Witam
Znajomy kupił Alfę 156 i po 4 godzinach cieszenia się nią , niestety Alfa okazała swój charakterek .
zatem :
Akcja jest taka że Pali mu bezpiecznik 30A od szyb .
Normalnie jechał samochodem , otworzył okna no i nie mógł ich zamknąć , wywaliło bezpiecznik , przy wymianie odrazu spaliło mu kolejny . Na krótko pozamykał okna .
Akcja jest taka że jak ma wyłączony samochód ( kluczyka w stacyjce nie ma ) to wkładając bezpiecznik iskrzy się i pali mu go odrazu . Powiem Tylko że pozostałe funkcje elektryczne działają prawidłowo .

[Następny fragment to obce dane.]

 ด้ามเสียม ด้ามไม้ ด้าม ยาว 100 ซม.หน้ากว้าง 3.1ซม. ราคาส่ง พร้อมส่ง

Pytanie może być jakieś przetarcie w wiązce ? bo na wyłączonym samochodzie zasilanie mają tylko siłowniki od centralnego zamka i może te kable się przetarły jakoś i sieje to takie spustoszenie ale , centralny mu działa prawidłowo .
Spotkał się ktoś z taką przypadłoscią ? Albo ma jakąś koncepcję - bo szkoda mi chłopaka bo zrobił na przekór wszystkim aby udowodnić że z Alfą nie jest tak jak mówią a teraz chodzi ze spuszczoną głową .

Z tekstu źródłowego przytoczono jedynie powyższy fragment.